A Title IV Review Committee on December 17 certified that Duncan, by advocating the move to the Southern Cone and "disaffiliating from the Episcopal Church, had abandoned the Communion of this Church by 'an open renunciation of the … Discipline … of this Church' within the meaning of Canon IV.9(l)(i)," she wrote.

Duncan's March 14 response to those findings was deemed "not a sufficient 'declaration … that the facts alleged in the certificate are false,' and that therefore Bishop Duncan remains liable to Deposition under Canon Iv.9(2)," according to Jefferts Schori.

Bishops will have an opportunity for informal discussions to investigate the matter before action is taken at the September 18 business meeting. "While Bishop Duncan has unfortunately announced that he will not attend this meeting of the House, his supporters may at this hearing offer factual and opinion material as to why he has not abandoned the Communion of this Church," Jefferts Schori said.
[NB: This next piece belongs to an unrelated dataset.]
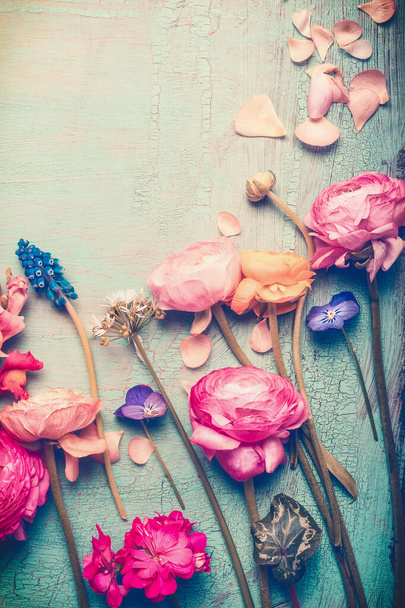 Pretty flowers retro pastel toned on vintage turquoise background, top view - Photo, Image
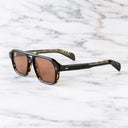 An image of the GR15 Aviator Sunglasses in Black on Havana frame side view with arms open marble background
She also noted that the decision of two of three senior bishops against inhibiting Duncan relates only to his inhibition, not to a formal deposition.
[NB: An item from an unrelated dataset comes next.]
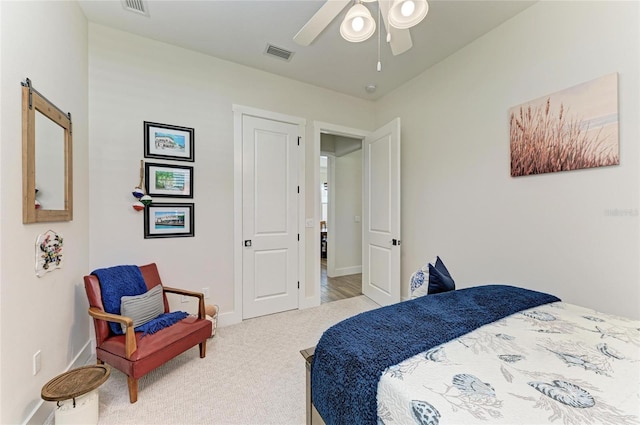 carpeted bedroom featuring ceiling fan, visible vents, and baseboards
Subsequent consultations with the present and former chancellors, as well as the House Parliamentarian, have determined "that it is my 'duty … to present the matter to the House of Bishops' regardless of whether the bishop in question has been inhibited," the Presiding Bishop said.

"General Convention in enacting this canon did not intend to give the three senior bishops a 'veto' over the House's right to determine whether or not a bishop who has been certified by the Review Committee as having abandoned the Communion of this Church should be deposed. Rather, that decision is intended to be made by the House," she said.
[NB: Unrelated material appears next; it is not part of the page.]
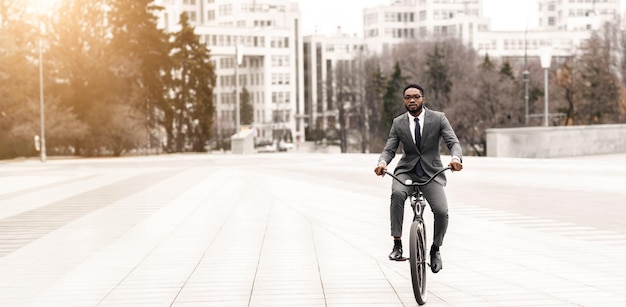 Black man executive is riding his bicycle to the office downtown the setting is lively and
Jefferts Schori also said the decision will be made by "a majority of all the bishops who are at the meeting at which the vote must be taken and who are entitled to vote."

Ambiguities "in the canon should be resolved in favor of making this important provision work effectively," she said, adding that "the discipline of the Church should not be stymied because a majority or nearly a majority of voting bishops are no longer in active episcopal positions in the Church and their attendance at meetings is hampered by age, health, economics, or interest in other legitimate pursuits."

Duncan: proper forum is a church trial

Duncan also referenced an August 24 letter he sent to TEC bishops in which he objected to speaking and writing "in support of an action not yet taken. Moreover, the action, when taken, will be the Convention's action, not mine. Only after clergy and people act, will I act," he wrote.

He also asserted that his March 14 letter to the Presiding Bishop "remains an accurate and true statement of my continuing submission to the ordination vows I took within" TEC.

The proper forum "to determine whether I have violated constitution or canons would be a church trial, as I am a Bishop of this Church," he contended. He characterized the Title IV Review Committee's acceptance of charges brought against him by "local opponents" in his diocese as short-circuiting the process and as further evidence of "the moral abyss into which our beloved Church has descended."

On July 10, Calvary Church in Pittsburgh asked a court to appoint a monitor to inventory and oversee property held or administered by the diocese. The church petition contended that Duncan had created a new corporation called "the Episcopal Diocese of Pittsburgh" and had diverted an estimated $750,000 from diocesan coffers to pay for legal expenses anticipated over the proposed realignment.

Delegates to the Pittsburgh convention will also be asked to consider a resolution that would give parishes two or more years to make their by-laws reflect a realignment with the Southern Cone. Still another proposed resolution stipulates that, although the convention would adopt the constitution and canons of TEC as advisory policies they would not suggest TEC has any authority over the diocese or its clergy or congregations.

Duncan had called for the convention to be held a month earlier than its traditional meeting time, because of concern that he might be deposed at the September House of Bishops meeting.

The Diocese of Pittsburgh represents about 20,000 Episcopalians and about 72 developing church plants and congregations, about half of which are located in Allegheny County.